How is the financial services industry harnessing advanced technologies to create new solutions to improve internal operations and meet evolving client needs?
That question was posed to JP Morgan’s Corporate & Investment Bank’s Chief Administrative Officer Sanoke Viswanathan, during a fire side chat with DTCC President & CEO Mike Bodson at the 2018 DTCC European Client Forum.
Viswanathan and Bodson swapped insights and discussed the challenges of integrating new technologies and fintech spending into current operations and budget, and highlighted the technology partnerships and talent-building programs.
Learning From Others
Asked to describe how JPM is building its fintech capabilities, Viswanathan pointed to the company’s three-year-old partnership program with technology accelerators. Every year, JPM vets hundreds of fintech providers and to date has forged successful arrangements with some 20 of them.

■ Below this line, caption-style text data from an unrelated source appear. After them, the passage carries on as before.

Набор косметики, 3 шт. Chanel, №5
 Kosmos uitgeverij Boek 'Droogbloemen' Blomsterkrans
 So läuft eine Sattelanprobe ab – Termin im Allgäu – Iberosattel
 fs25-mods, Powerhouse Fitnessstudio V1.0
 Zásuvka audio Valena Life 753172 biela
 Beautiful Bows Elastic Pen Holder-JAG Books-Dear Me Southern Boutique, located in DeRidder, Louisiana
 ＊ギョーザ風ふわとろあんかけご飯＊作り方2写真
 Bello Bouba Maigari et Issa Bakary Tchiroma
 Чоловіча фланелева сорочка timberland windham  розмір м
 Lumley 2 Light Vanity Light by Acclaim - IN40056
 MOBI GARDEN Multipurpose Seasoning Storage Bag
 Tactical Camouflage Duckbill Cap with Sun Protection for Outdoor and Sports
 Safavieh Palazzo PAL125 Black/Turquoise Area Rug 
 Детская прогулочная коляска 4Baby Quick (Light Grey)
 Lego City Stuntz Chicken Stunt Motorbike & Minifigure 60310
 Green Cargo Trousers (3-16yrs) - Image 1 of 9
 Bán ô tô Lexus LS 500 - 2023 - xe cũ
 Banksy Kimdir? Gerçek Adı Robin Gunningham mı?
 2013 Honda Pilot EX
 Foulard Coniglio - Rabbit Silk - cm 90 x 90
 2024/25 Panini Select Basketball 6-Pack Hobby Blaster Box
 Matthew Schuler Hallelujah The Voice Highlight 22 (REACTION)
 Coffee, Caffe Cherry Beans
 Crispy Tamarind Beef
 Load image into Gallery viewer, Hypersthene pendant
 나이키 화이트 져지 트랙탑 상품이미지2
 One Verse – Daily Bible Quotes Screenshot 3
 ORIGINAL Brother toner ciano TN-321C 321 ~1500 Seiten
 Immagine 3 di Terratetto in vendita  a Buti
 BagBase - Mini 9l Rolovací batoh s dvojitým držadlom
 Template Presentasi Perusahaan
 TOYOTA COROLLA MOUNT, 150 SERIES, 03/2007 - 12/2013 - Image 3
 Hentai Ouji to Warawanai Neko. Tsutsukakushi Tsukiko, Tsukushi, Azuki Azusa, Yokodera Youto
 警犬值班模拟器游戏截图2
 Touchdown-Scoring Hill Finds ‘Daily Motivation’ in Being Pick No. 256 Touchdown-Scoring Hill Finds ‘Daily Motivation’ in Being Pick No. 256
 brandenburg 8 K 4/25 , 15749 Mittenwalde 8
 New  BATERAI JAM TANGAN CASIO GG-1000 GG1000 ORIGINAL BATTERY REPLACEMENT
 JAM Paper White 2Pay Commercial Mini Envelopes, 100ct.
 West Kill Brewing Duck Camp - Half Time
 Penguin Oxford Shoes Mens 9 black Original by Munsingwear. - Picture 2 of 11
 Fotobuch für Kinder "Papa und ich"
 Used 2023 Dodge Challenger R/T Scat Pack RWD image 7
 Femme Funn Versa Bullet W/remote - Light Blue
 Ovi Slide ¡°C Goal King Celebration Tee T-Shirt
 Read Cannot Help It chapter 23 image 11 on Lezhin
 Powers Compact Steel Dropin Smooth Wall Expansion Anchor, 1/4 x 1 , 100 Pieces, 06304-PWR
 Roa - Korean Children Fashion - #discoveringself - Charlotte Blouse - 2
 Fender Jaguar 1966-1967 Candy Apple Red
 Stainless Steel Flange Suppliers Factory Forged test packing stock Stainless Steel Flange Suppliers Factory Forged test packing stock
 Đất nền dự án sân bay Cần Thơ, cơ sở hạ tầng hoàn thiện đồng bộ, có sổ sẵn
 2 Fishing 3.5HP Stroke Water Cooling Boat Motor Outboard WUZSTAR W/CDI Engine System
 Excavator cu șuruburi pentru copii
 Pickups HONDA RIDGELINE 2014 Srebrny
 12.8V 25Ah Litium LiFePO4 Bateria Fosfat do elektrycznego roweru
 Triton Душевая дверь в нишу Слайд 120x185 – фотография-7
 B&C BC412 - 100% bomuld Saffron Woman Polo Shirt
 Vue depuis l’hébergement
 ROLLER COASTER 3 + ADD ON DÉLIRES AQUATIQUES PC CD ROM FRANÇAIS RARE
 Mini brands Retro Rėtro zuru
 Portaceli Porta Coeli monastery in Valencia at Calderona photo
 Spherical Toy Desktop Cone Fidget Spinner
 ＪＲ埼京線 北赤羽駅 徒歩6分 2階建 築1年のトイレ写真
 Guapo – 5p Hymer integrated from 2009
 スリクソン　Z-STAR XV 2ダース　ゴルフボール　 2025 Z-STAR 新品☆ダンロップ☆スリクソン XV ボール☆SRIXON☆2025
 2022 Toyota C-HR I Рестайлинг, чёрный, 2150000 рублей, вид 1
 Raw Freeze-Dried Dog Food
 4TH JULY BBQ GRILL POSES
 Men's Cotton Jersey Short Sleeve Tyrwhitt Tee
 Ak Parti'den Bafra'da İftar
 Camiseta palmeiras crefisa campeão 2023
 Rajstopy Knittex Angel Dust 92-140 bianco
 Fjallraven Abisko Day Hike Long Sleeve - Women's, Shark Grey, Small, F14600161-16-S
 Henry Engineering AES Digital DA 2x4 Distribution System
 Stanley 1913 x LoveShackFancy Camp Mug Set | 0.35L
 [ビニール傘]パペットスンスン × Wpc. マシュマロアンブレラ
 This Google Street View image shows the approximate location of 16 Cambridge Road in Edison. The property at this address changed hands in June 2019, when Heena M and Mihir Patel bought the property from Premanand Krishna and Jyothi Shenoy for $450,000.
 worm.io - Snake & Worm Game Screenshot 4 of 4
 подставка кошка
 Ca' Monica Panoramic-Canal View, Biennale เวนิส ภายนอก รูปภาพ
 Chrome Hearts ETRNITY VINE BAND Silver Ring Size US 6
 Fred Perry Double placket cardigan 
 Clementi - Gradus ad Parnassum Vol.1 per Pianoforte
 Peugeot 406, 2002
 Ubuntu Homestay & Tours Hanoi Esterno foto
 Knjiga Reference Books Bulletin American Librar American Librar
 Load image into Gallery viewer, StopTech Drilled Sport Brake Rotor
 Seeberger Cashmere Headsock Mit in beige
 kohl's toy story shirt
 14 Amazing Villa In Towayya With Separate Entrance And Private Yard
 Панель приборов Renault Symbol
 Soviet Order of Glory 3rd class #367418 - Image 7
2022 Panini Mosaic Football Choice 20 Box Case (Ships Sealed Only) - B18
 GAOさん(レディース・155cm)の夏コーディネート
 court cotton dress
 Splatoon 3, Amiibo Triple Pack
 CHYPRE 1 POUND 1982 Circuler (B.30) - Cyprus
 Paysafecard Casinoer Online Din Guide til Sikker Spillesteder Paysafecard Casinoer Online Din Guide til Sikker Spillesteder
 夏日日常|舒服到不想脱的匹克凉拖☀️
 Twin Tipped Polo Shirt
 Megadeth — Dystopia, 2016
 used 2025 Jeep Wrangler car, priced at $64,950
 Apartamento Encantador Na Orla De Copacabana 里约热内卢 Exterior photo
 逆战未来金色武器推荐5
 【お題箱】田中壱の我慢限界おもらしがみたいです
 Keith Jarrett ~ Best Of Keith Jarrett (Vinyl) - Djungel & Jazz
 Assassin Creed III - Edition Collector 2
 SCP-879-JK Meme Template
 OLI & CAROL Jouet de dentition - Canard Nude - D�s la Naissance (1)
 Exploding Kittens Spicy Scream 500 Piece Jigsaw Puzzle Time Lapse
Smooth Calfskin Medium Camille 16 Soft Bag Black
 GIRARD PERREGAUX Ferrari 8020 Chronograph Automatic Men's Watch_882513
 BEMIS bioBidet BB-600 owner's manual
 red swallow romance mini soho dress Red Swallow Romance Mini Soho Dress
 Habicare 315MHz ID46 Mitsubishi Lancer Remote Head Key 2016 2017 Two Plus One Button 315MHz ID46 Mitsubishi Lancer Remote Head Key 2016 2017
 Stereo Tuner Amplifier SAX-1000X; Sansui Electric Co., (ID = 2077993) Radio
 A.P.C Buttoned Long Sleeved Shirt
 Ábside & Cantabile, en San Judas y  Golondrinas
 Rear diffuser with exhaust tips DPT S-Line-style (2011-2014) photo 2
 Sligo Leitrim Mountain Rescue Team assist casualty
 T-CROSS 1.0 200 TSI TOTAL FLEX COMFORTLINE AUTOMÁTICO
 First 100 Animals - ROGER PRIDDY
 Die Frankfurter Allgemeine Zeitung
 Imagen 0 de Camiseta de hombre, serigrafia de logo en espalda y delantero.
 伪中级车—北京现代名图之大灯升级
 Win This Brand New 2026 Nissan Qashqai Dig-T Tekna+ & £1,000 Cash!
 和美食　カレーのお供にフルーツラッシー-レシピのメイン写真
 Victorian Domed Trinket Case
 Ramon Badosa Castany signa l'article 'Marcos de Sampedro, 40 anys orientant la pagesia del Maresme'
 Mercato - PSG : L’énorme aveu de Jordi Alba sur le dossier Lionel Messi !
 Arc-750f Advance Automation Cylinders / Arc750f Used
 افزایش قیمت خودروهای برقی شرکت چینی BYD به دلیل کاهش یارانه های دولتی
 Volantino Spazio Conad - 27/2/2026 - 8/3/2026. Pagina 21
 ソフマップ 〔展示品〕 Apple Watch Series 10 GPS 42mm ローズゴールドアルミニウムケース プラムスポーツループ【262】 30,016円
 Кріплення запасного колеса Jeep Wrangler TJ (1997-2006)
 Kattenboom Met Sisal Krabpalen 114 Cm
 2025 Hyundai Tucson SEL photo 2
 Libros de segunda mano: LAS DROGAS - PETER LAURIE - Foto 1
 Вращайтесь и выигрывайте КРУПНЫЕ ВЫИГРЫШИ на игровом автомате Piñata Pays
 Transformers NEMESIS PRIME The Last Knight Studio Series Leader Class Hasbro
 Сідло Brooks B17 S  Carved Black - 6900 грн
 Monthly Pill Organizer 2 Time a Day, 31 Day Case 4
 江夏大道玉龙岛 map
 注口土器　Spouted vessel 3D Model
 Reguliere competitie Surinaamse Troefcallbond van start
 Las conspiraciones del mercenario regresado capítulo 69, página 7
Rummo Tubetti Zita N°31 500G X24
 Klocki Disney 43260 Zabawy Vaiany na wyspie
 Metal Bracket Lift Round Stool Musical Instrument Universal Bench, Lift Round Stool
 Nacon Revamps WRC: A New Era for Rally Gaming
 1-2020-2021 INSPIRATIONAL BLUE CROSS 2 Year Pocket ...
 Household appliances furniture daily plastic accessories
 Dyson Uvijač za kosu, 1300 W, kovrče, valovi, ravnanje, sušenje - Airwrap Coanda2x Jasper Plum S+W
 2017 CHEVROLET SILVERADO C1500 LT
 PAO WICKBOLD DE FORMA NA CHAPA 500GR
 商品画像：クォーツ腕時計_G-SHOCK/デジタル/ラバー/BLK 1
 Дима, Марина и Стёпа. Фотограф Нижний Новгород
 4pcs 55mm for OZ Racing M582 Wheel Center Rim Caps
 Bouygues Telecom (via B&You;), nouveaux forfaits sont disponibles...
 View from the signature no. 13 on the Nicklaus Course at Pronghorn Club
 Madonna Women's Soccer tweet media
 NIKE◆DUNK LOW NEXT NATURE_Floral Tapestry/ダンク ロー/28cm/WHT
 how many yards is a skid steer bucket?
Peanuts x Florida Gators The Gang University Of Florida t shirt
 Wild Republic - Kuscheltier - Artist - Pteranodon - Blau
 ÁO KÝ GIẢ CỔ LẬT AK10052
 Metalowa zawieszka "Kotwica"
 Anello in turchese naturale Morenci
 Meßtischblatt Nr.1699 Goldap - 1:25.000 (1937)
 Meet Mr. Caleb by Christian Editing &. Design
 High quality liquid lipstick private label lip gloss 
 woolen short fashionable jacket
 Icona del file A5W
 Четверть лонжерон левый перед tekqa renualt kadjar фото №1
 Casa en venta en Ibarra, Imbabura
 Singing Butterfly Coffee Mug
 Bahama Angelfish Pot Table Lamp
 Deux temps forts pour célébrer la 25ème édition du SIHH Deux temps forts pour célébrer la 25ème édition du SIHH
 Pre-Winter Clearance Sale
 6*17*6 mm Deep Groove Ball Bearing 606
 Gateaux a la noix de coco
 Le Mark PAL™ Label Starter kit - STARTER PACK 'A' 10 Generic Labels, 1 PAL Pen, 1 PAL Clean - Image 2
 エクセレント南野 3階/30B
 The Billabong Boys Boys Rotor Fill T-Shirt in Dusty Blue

“We have a lot of problems to solve both for ourselves and for our clients, and we’ve found that fintechs can help us with very strong partnerships to build enterprise solutions,” Viswanathan said.
Most successful fintech solutions have a regulatory angle, he observed. Pointing to Chinese firms Alipay and Tencent, Viswanathan noted additional elements of success: “Make the micro interaction with customers as seamless and easy as possible; in return they will be willing to pay fees. . . But obviously this is not a play for everyone, because you need a lot of scale and a reasonable investment horizon.”
Viswanahan also advised investing in platforms, since “without platforms, you don’t get scale and agility.”
Yet the proliferation of platforms leads to fragmentation and impedes interoperability, Bodson noted. JPM’s response to this risk, Viswanathan explained, has been to create incentives for its programmers to reuse code and functionality developed elsewhere, to make their software easily accessible, and to have the right documentation and share it internally.
Reshaping Business Models
Bodson noted that JPM has been willing to disrupt existing business models, singling out the firm’s healthcare collaboration with Amazon and Berkshire Hathaway as well as its new commission-free brokerage offering.
With the Amazon-Berkshire partnership, “we’re trying to solve what we all feel is a horrible situation in terms of the cost to deliver good health care to the average consumer,” said Viswanathan. Together the three entities provide a large consumer base across which data can be shared and healthy behaviors incentivized, with the goal of delivering health care at a lower cost.
The undertaking “requires a bit of an attacker mindset,” he said, “where we have to be willing to challenge why things have to be done the current way.”
Similarly, You Invest, the zero-commission ETF and stock trading service offered to existing Chase customers alongside JPM’s traditional wealth management business, was designed to solve for client needs. “We’ve never had a competitive brokerage offering and our thought is consumers deserve something better” than what other firms now provide, Viswanathan said.
Transitioning to the Future
Bodson and Viswanathan’s conversation ranged across other issues, including how fintech is likely to evolve in financial services. Rather than a decade-long, industry-wide and expensive transition from the existing to a new infrastructure, Viswanathan foresees one of two paths forward. Either one or two very significant firms committed to new technologies will drive the transition, thereby enabling other firms to jump onto the new platform at the end of the process, or solution development will be modular, with a group of firms solving one thing at a time.
Bodson and Viswanathan agreed on the magnitude of the challenges surrounding this transition. “How are you going to get from here to there,” Bodson asked, given the bespoke nature of every firm’s legacy technology and the eventual need to retire old programming languages like Cobol and Fortran.
Using new technology tools to abstract key information can help in retiring legacy platforms, Viswanathan said, but even more important will be creating interoperability between the old and new generations of technology.
Regarding the future of blockchain, Viswanathan said it has passed from the “hype phase” to the “productionization” phase where actual applications will be built. The re-platforming of DTCC’s Trade Information Warehouse (TIW) to digital ledger technology will be one of these first applications, he noted.
Of course, without a capable workforce, firms will not be able to sustain future fintech initiatives and investments. JPM has responded to the supply/demand gap in technology talent with a program known as Tech Connect. It puts new hires who lack computer science training through a boot camp to learn coding, data analytics and other relevant skills. In terms of work performance, JPM has found almost no difference between people with four-year computer science degrees and Tech Connect participants. “It’s super-inspiring,” said Viswanathan.